- [EXERCISE DETAILS]:
Before copying, find the line below that contains "La côte de l'église Saint"; then return it and all later lines exactly, up to and including the final line, with no pictures.

[EXERCISE MATERIAL Boundary: Start]

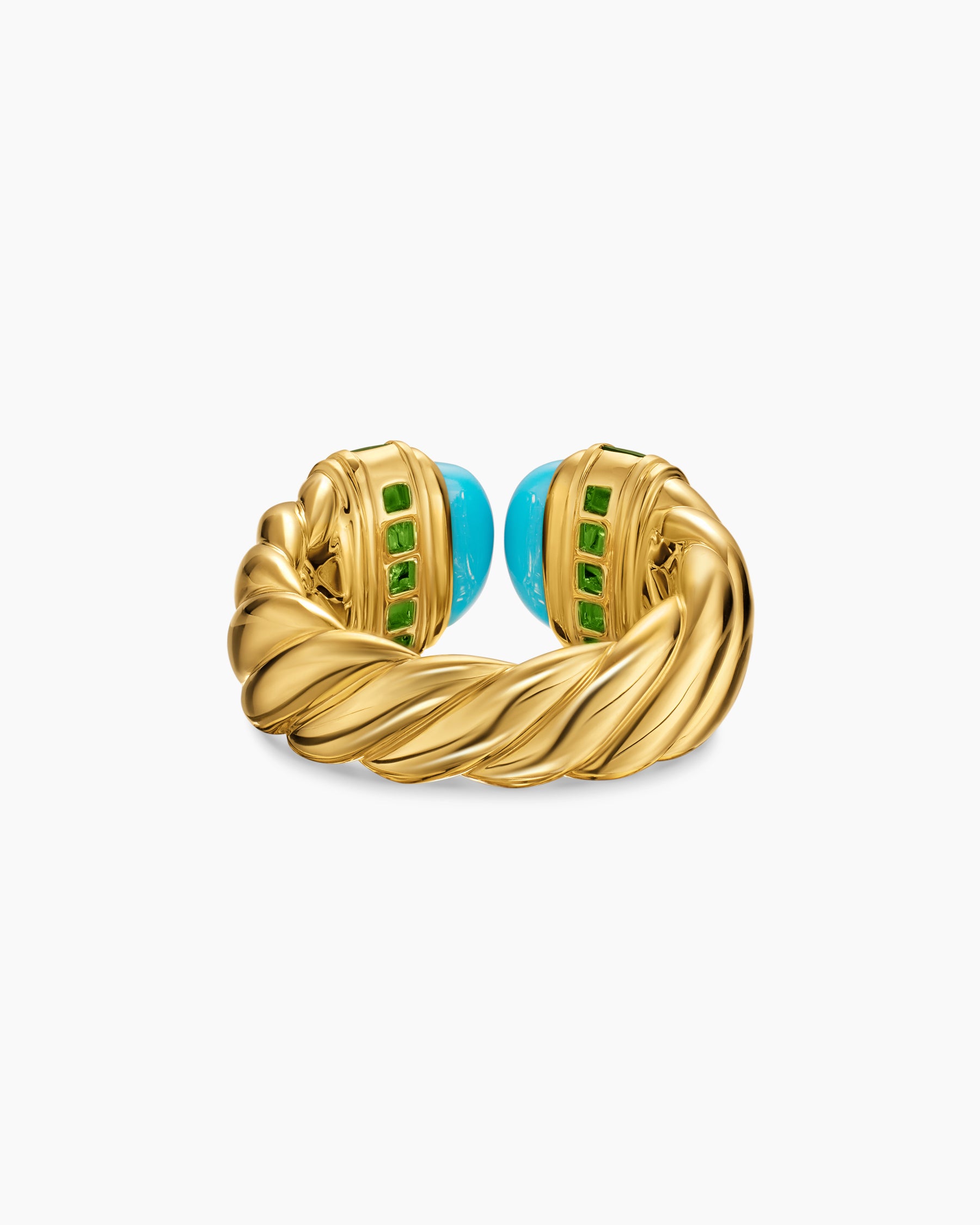 Sculpted Cable Open Cocktail Ring in 18K Yellow Gold with Turquoise and Tsavorites, 12.4mm - Image 6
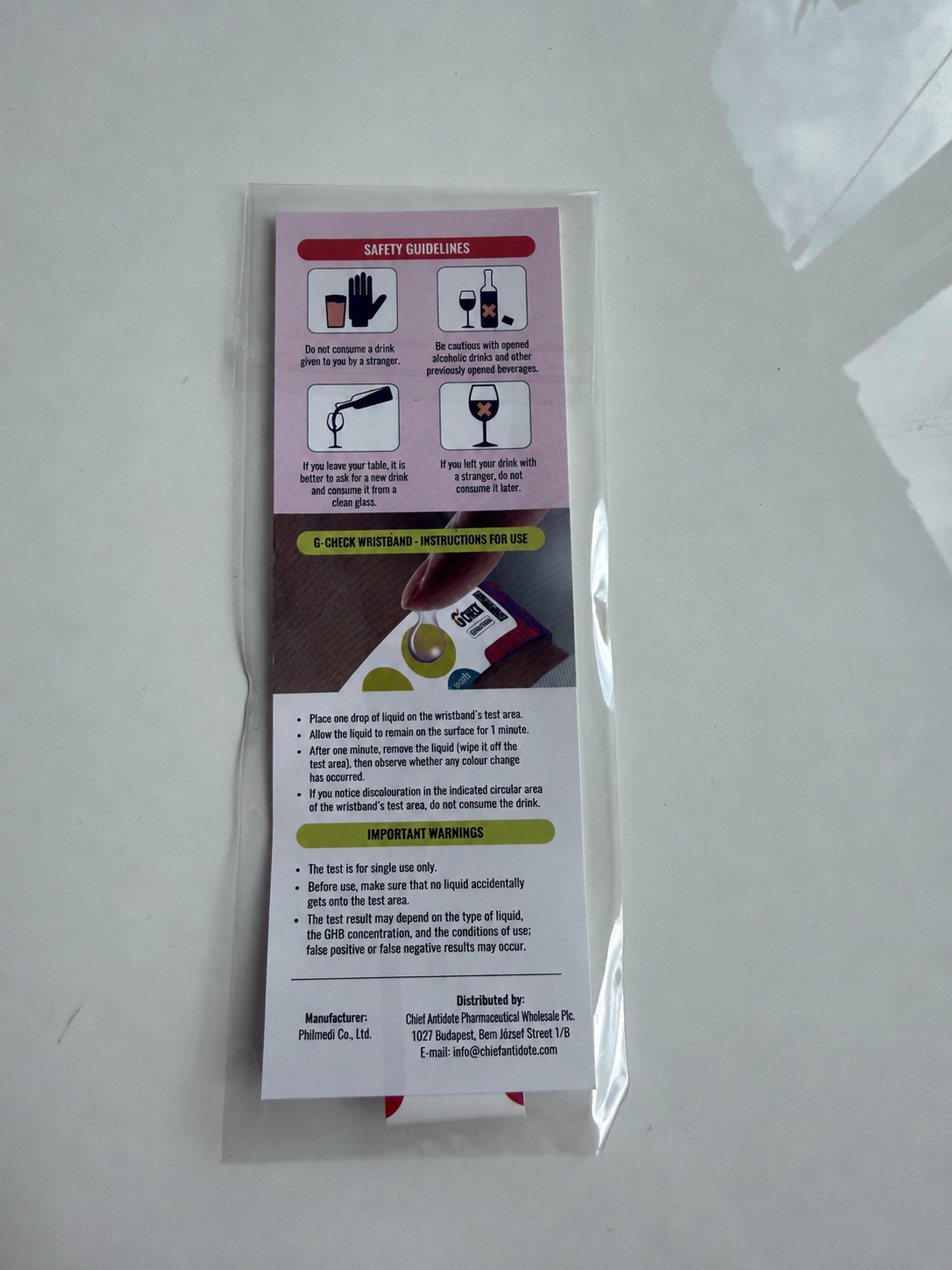 **G-CHECK Drink Testing Wristband (3 Tests) – Detection of Incapacitating Drugs in Drinks** 3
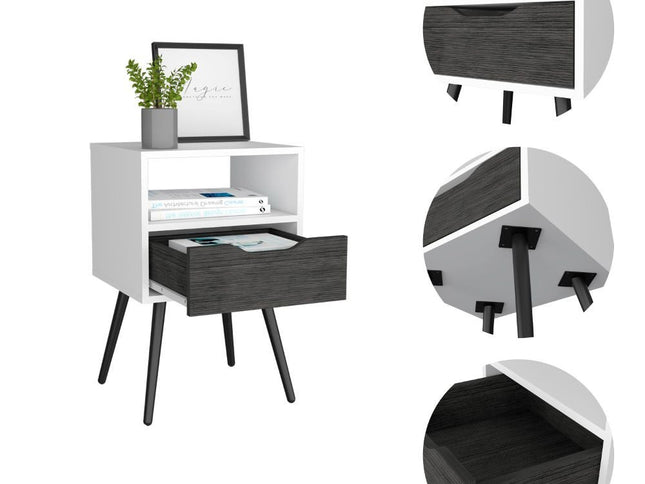 25" Wood One Drawer Nightstand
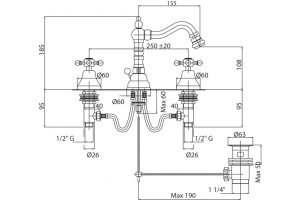 Смеситель для биде Cezares LORD бронза (LORD-BBS2-02) - 3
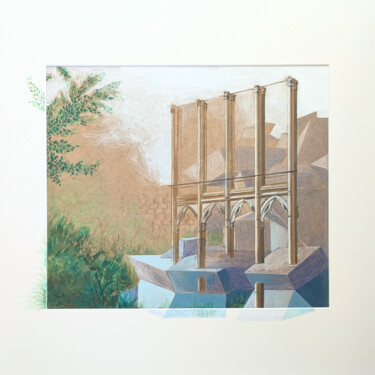 La côte de l'église Saint Germain des près Peinture intitulée "La côte de l'église…" par Eva Khatchadourian, Œuvre d'art originale, Acrylique Monté sur Panneau de bois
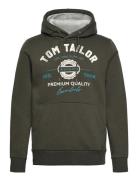 Hoodie With Print Tom Tailor Khaki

[EXERCISE MATERIAL Boundary: End]

- [ANSWER FOR THE TASK]:
 La côte de l'église Saint Germain des près Peinture intitulée "La côte de l'église…" par Eva Khatchadourian, Œuvre d'art originale, Acrylique Monté sur Panneau de bois
 Hoodie With Print Tom Tailor Khaki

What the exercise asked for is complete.